§ Saved entries
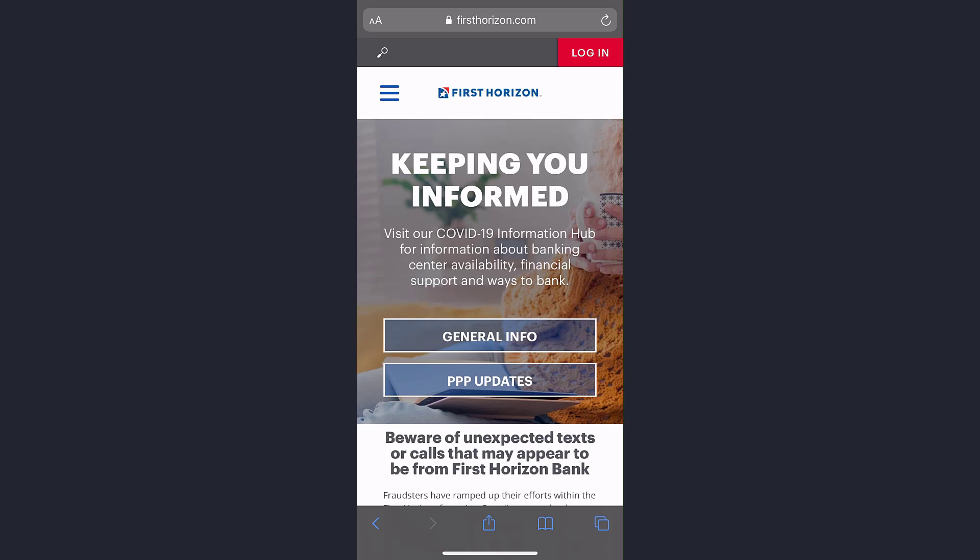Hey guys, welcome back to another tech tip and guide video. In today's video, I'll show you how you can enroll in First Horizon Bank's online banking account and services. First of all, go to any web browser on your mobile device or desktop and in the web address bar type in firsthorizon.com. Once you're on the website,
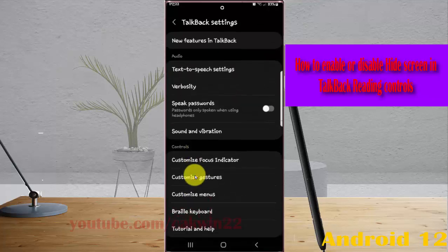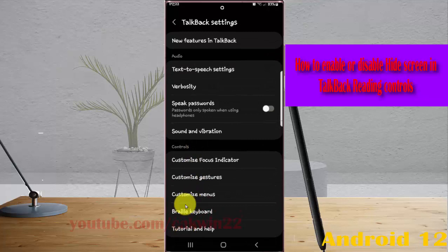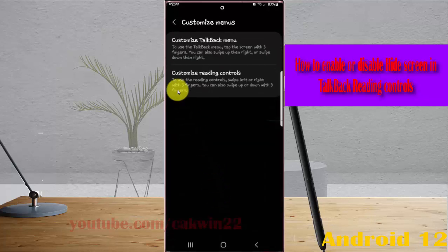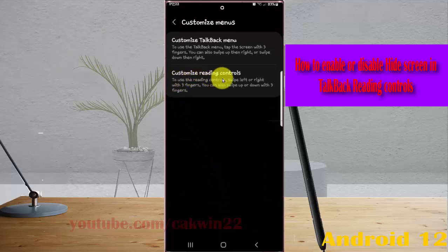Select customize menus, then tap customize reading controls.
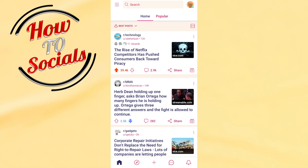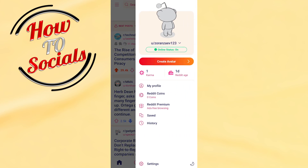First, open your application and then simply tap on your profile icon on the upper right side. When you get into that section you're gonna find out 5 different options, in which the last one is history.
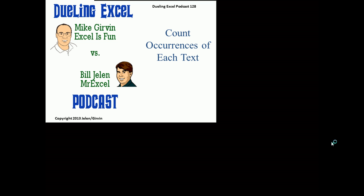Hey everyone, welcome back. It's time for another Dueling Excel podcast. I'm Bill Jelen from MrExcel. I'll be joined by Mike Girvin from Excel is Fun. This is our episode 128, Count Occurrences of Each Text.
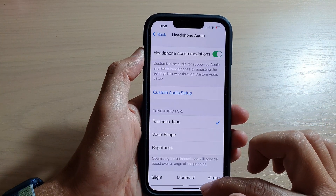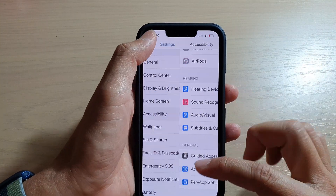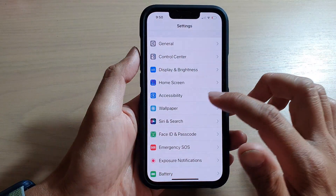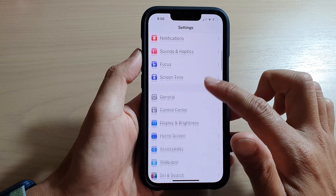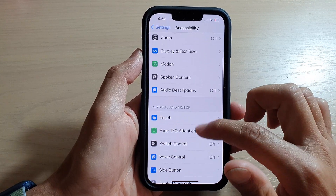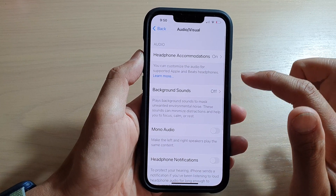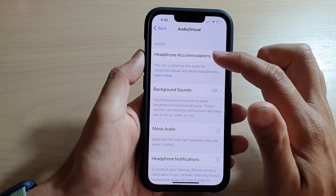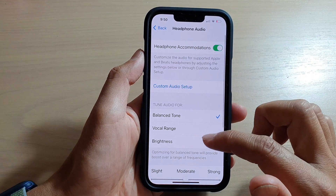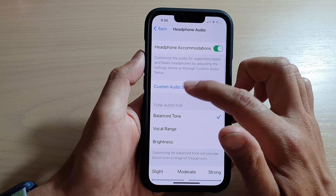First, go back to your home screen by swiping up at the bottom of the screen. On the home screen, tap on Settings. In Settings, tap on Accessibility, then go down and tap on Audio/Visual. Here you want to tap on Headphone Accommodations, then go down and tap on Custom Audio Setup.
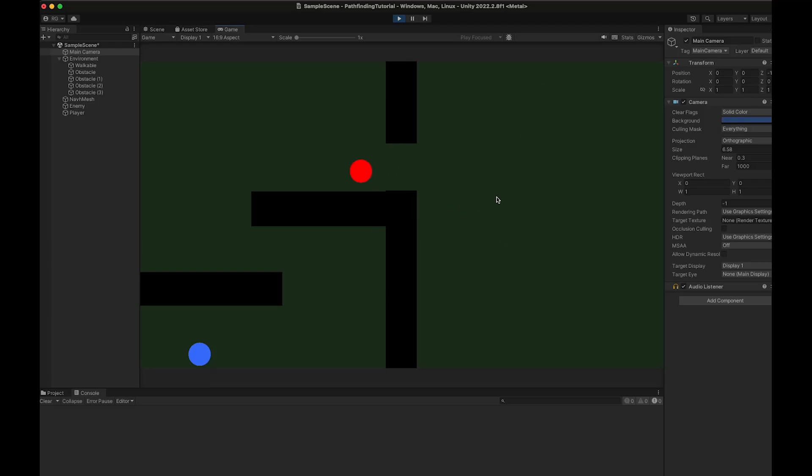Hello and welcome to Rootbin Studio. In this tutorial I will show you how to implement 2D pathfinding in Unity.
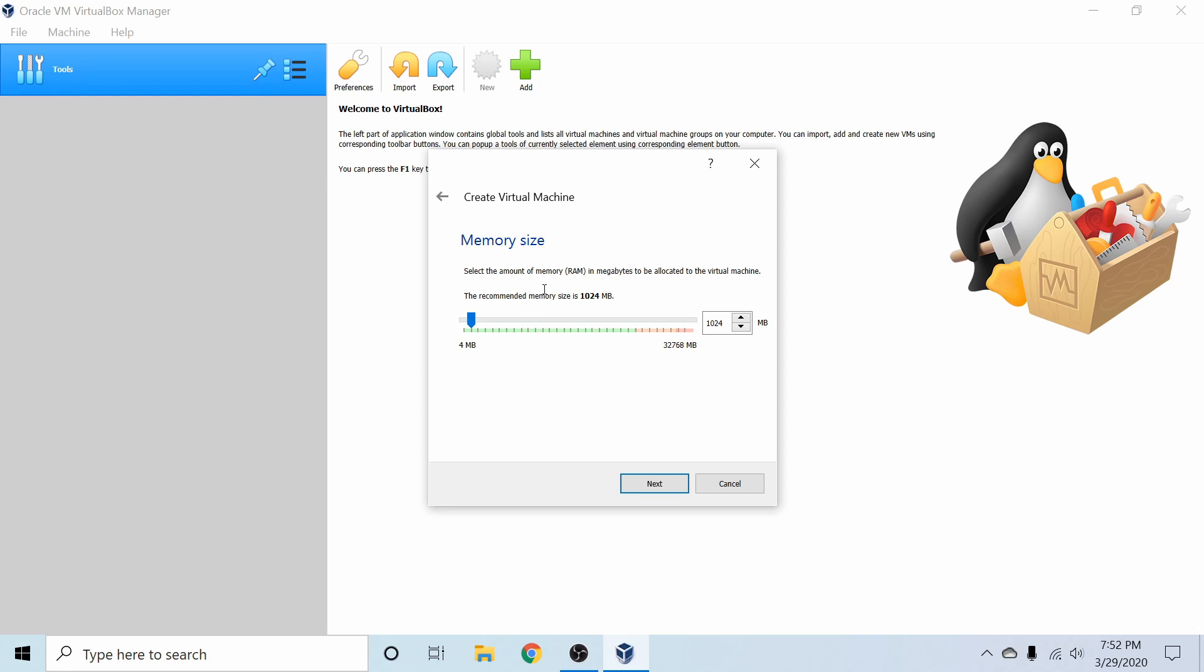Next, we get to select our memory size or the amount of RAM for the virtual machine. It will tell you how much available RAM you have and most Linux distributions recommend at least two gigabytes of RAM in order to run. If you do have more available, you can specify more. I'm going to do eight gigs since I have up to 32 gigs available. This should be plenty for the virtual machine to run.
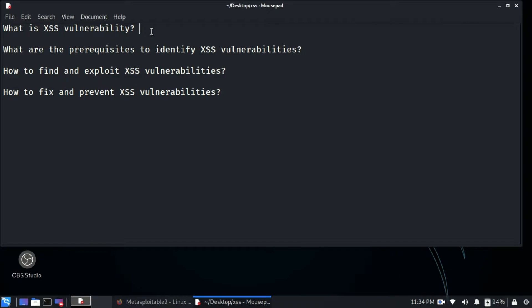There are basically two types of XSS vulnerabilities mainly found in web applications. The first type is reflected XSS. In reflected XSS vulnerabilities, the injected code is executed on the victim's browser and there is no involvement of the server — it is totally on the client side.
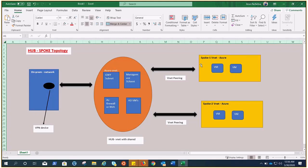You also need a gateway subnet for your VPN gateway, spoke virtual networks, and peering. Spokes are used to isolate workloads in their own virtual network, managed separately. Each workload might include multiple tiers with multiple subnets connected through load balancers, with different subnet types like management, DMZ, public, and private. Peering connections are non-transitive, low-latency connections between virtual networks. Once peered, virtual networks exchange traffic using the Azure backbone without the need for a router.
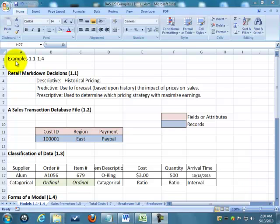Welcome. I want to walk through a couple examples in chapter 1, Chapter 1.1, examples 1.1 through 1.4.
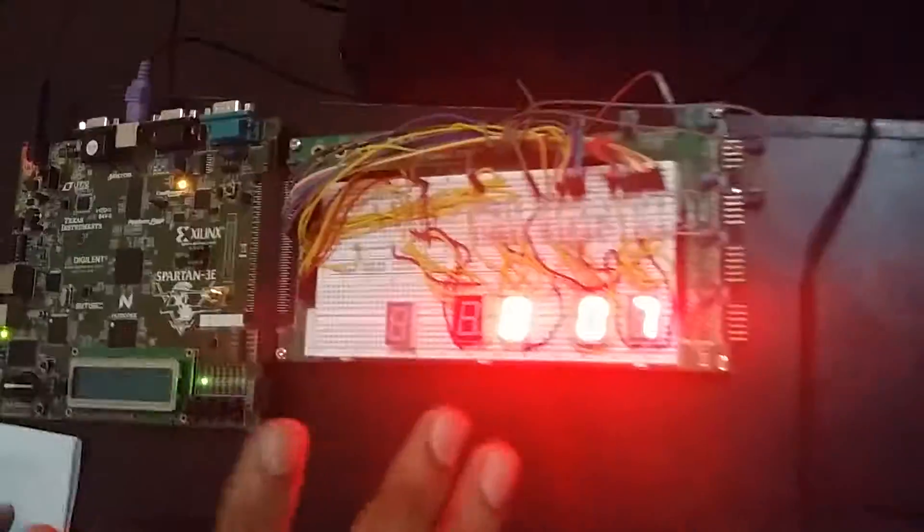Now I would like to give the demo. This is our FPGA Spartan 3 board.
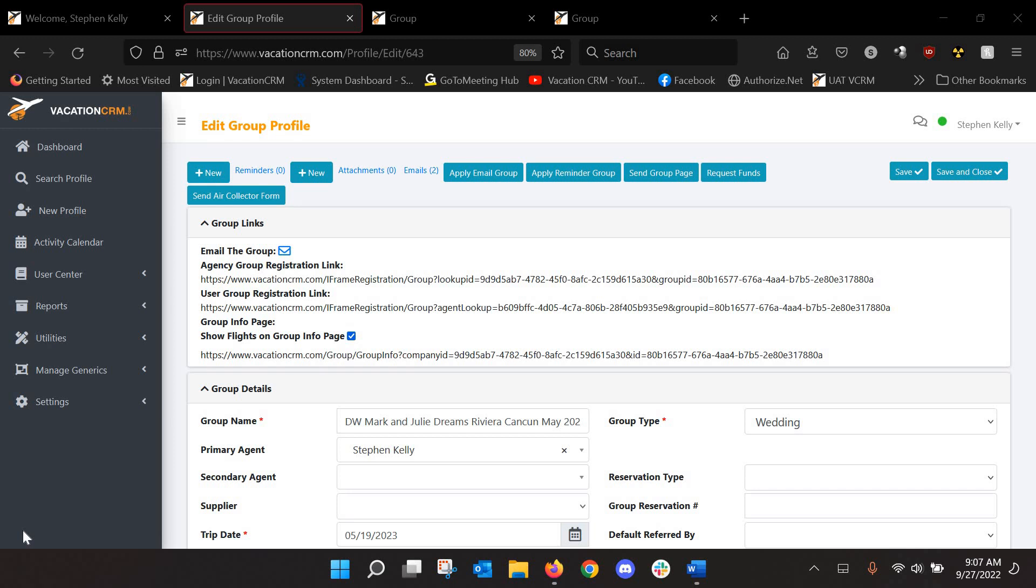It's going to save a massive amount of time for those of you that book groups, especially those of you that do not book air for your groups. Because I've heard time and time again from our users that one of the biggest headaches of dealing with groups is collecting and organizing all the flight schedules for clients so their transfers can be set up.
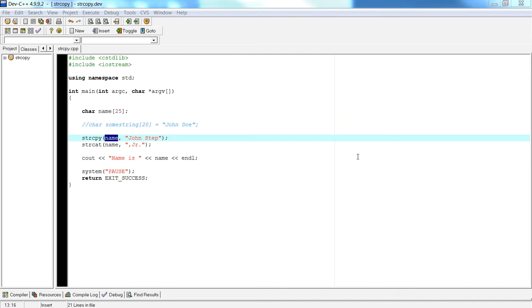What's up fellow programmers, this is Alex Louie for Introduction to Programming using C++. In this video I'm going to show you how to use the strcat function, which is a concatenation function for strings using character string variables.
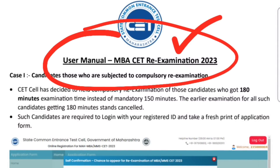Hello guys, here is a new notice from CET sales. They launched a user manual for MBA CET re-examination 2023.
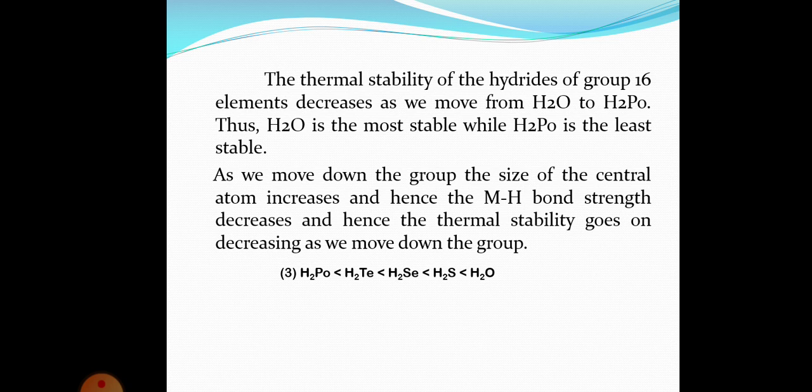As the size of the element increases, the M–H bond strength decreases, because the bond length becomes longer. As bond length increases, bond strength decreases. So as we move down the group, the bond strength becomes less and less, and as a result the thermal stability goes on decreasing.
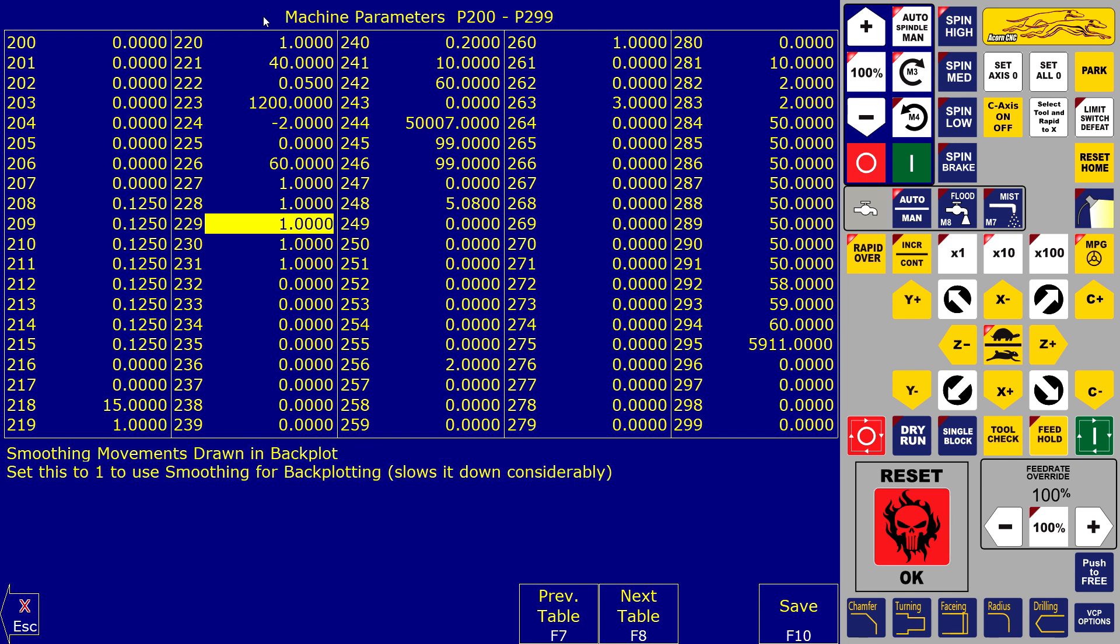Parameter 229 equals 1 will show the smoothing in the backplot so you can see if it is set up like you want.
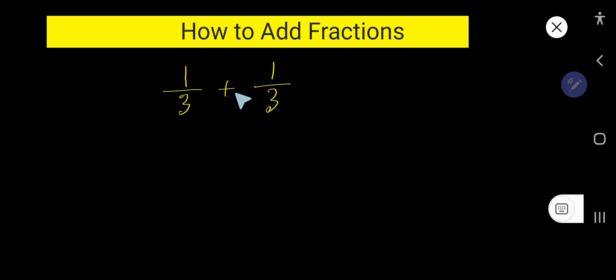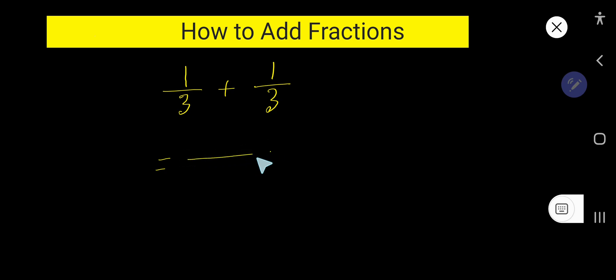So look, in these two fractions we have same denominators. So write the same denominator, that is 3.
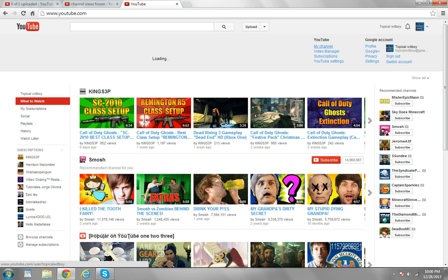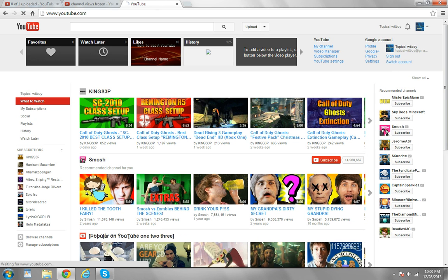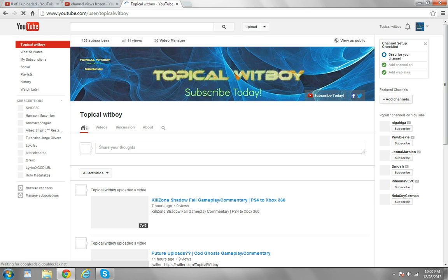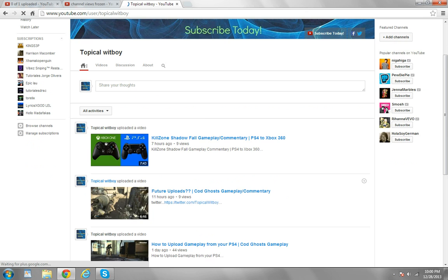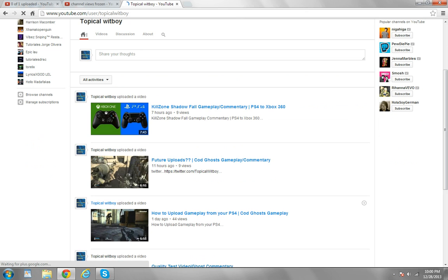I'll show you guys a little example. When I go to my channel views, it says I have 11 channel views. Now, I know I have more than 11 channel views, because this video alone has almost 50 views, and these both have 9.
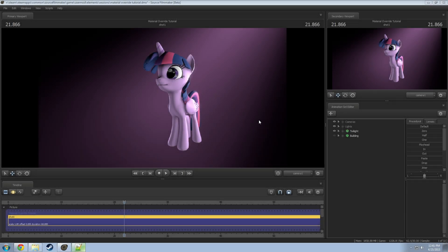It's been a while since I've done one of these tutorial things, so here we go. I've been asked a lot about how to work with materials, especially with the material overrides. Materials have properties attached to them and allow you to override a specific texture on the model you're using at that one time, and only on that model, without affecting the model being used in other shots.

§ TASK DETAILS
Above, find the line holding "First, go back" and the line holding "Now I would". Print exactly those two lines and every line between them, but no pictures.

§ RESULT
First, go back to your home screen by swiping up at the bottom of the screen. On the home screen, tap on Settings. In Settings, tap on Accessibility, then go down and tap on Audio/Visual. Here you want to tap on Headphone Accommodations, then go down and tap on Custom Audio Setup.
Hello and welcome to Rootbin Studio. In this tutorial I will show you how to implement 2D pathfinding in Unity.
Next, we get to select our memory size or the amount of RAM for the virtual machine. It will tell you how much available RAM you have and most Linux distributions recommend at least two gigabytes of RAM in order to run. If you do have more available, you can specify more. I'm going to do eight gigs since I have up to 32 gigs available. This should be plenty for the virtual machine to run.
There are basically two types of XSS vulnerabilities mainly found in web applications. The first type is reflected XSS. In reflected XSS vulnerabilities, the injected code is executed on the victim's browser and there is no involvement of the server — it is totally on the client side.
You also need a gateway subnet for your VPN gateway, spoke virtual networks, and peering. Spokes are used to isolate workloads in their own virtual network, managed separately. Each workload might include multiple tiers with multiple subnets connected through load balancers, with different subnet types like management, DMZ, public, and private. Peering connections are non-transitive, low-latency connections between virtual networks. Once peered, virtual networks exchange traffic using the Azure backbone without the need for a router.
Welcome. I want to walk through a couple examples in chapter 1, Chapter 1.1, examples 1.1 through 1.4.
Now I would like to give the demo. This is our FPGA Spartan 3 board.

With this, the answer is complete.